He sat back, and his expression changed.  “Now you’re talking.  I’m your bodyguard, not your tutor.  You need to utilize your resources, and get a better teacher.”

“What am I looking for?  A wizard?”

“You could,” he said.  “A wizard, however, would teach you to be a wizard.  And you, no need to repeat yourself, do not want that.”

I nodded.  “So I need to find another door-closer?”

“Take baby steps.  Is your magic an inherent power or is it a result of ritual, opening yourself to other forces?”

“Huh,” I grunted. “I expect a Closer doesn’t open himself.  So it’s inherent.”

“Where does it come from?” he asked.

“Do you mean, is it like genetic?  Am I a mutant and I’m looking for a Professor X?”

“Where does your power come from?” he asked again, sounding each word out as if he was looking for something.

“My soul? My experiences? My good looks?  My folks?  My having my fingers slammed by a radioactive door when I was but a wee lad?”  I growled.  “I don’t know what you’re looking for.  Give me a hint.”

He sighed.  “I am what I am.  You are not.”  He went back to his book.

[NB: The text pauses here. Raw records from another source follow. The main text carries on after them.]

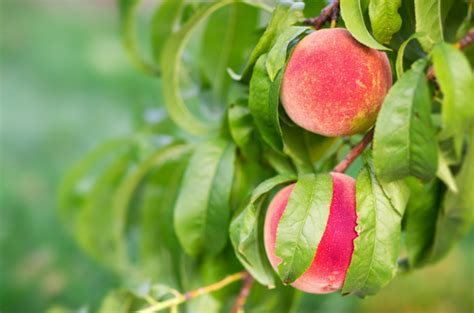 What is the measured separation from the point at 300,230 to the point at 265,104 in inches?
5.5

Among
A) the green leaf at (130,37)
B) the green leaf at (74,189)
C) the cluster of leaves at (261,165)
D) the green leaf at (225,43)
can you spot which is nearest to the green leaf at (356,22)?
the cluster of leaves at (261,165)

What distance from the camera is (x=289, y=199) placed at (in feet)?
2.20

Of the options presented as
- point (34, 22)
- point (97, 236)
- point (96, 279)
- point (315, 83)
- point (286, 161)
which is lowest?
point (96, 279)

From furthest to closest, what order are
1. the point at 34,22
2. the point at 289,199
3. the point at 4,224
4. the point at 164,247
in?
1. the point at 34,22
2. the point at 4,224
3. the point at 164,247
4. the point at 289,199

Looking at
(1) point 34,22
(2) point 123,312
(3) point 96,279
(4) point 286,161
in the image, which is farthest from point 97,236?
(1) point 34,22

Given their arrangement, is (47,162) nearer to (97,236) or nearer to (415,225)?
(97,236)

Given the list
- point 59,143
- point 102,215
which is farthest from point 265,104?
point 59,143

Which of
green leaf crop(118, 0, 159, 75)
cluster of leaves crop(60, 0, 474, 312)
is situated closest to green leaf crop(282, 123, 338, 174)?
cluster of leaves crop(60, 0, 474, 312)

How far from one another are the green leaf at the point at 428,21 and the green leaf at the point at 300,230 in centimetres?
17

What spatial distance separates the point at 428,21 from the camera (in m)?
0.69

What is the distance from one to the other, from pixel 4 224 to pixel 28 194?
0.43 ft

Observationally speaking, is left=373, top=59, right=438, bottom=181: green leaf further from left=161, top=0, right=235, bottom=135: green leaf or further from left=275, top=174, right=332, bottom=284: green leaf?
left=161, top=0, right=235, bottom=135: green leaf

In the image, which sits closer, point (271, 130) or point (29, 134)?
point (271, 130)

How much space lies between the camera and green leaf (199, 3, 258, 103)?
1.01 m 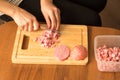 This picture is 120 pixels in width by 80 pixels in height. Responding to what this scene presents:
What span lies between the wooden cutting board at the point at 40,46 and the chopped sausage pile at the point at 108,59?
62 mm

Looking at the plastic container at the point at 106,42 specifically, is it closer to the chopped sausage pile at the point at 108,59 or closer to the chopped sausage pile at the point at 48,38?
the chopped sausage pile at the point at 108,59

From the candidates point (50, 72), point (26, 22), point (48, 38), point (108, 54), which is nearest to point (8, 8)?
point (26, 22)

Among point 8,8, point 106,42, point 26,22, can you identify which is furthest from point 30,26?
point 106,42

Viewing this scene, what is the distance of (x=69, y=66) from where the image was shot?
0.93m

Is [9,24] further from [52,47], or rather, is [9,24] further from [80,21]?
[80,21]

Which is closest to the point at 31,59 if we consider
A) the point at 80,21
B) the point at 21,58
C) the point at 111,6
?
the point at 21,58

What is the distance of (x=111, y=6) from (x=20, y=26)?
1.20m

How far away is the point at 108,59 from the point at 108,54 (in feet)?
0.09

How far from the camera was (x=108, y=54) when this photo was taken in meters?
0.90

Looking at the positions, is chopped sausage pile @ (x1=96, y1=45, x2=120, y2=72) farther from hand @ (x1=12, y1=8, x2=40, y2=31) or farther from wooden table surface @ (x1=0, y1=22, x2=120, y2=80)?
hand @ (x1=12, y1=8, x2=40, y2=31)

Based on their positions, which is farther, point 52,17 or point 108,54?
point 52,17

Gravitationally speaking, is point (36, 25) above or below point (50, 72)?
above

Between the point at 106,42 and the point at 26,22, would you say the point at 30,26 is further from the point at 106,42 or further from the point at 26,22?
the point at 106,42

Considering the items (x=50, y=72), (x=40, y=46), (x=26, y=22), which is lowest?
(x=50, y=72) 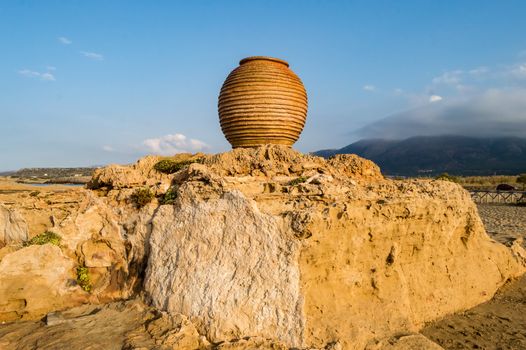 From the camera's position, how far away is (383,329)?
6379 millimetres

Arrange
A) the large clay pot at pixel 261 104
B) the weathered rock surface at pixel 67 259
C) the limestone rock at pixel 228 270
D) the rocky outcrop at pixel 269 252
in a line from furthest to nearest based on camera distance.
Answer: the large clay pot at pixel 261 104 < the weathered rock surface at pixel 67 259 < the rocky outcrop at pixel 269 252 < the limestone rock at pixel 228 270

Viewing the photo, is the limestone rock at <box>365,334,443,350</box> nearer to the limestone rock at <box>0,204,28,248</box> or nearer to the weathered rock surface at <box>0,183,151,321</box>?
the weathered rock surface at <box>0,183,151,321</box>

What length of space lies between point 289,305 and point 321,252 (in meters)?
1.04

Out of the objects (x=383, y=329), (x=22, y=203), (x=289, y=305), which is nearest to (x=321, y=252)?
(x=289, y=305)

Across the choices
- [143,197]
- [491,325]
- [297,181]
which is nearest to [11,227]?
[143,197]

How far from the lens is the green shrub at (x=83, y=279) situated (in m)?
7.29

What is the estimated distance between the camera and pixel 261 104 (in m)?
8.80

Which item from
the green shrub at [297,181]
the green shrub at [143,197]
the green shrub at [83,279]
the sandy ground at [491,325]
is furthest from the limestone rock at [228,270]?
the sandy ground at [491,325]

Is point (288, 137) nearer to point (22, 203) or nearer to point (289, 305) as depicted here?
point (289, 305)

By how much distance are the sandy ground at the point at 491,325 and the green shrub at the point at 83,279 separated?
662 centimetres

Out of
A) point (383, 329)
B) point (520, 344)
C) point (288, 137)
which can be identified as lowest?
point (520, 344)

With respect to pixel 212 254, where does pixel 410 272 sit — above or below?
below

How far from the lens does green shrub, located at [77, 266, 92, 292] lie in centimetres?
729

“This isn’t helping.  I’d rather find out what Dragon is responsible and what it means to the war effort, and what is going on with my sister.  Why my sister?” I asked aloud.  “I mean, better than my mom,” I pointed out.

“Flame-bright, power-spark, she lights the path of what is dark. Secret-keeper, Closer’s blood, she sprouts the seeds of the flood,” he said, turning a page somewhat…flippingly.

“Is that her song?”

“Mayhap.”  He sounded grumbly.

“I didn’t know that maybe was an option.  Could I add a chorus and maybe a snappy bridge to mine?”

“No.”  He brought his knees up to hold the book there.  “And it doesn’t need a guitar solo.”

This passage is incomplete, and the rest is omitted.